*Required work*
Starting at the line that contains "istock Young woman with sunglasses 841050696" and stopping at the line that contains "the dead body", restate each line of the records below exactly. Omit the pictures.

*Data to process*
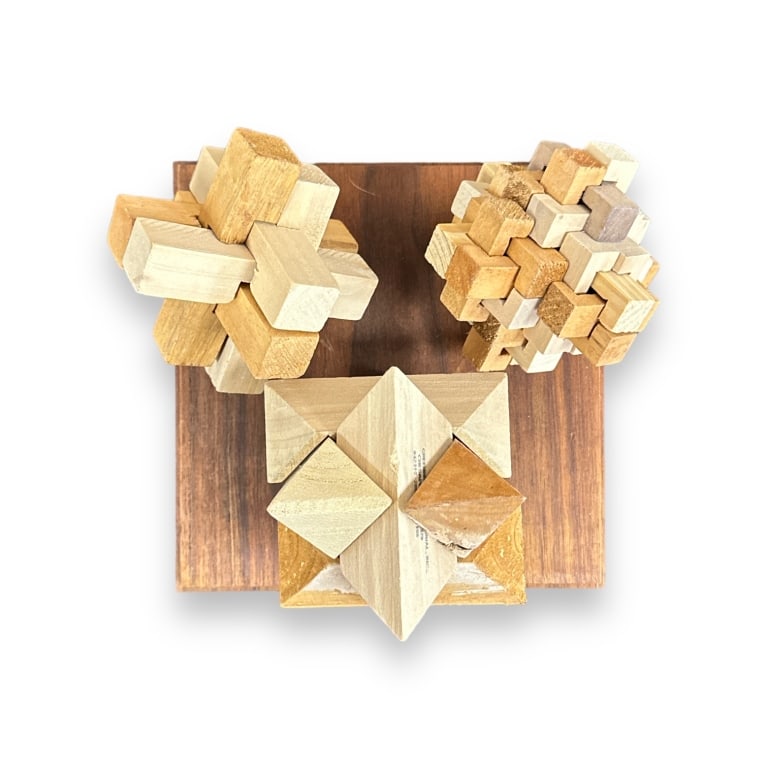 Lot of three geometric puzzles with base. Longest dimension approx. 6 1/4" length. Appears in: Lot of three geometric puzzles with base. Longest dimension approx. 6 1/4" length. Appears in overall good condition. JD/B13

--

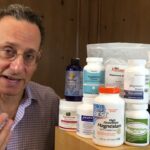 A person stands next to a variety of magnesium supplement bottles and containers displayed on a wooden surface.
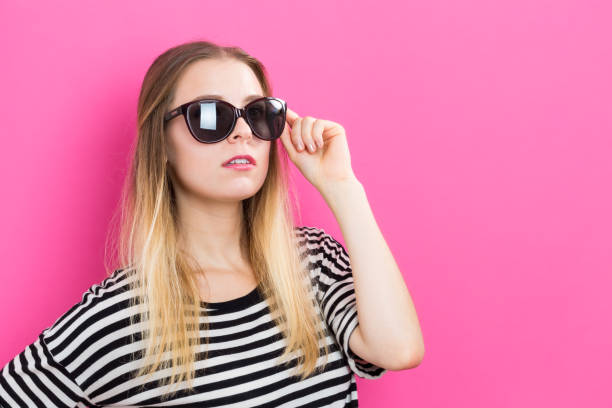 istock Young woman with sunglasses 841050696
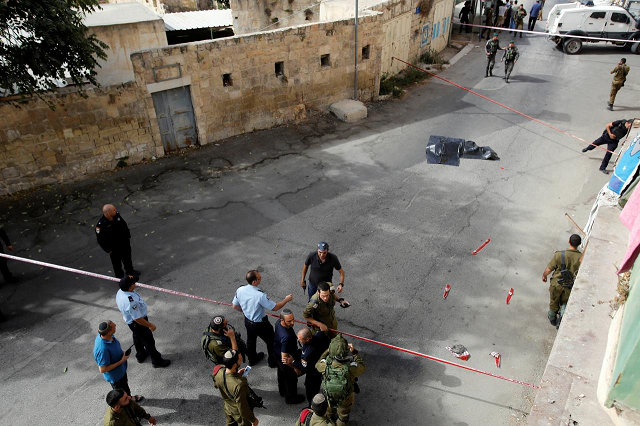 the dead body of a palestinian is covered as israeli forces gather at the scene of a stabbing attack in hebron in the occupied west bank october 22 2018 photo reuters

==

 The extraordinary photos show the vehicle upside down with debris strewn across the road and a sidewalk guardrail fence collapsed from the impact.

*Solution below*
 istock Young woman with sunglasses 841050696
 the dead body of a palestinian is covered as israeli forces gather at the scene of a stabbing attack in hebron in the occupied west bank october 22 2018 photo reuters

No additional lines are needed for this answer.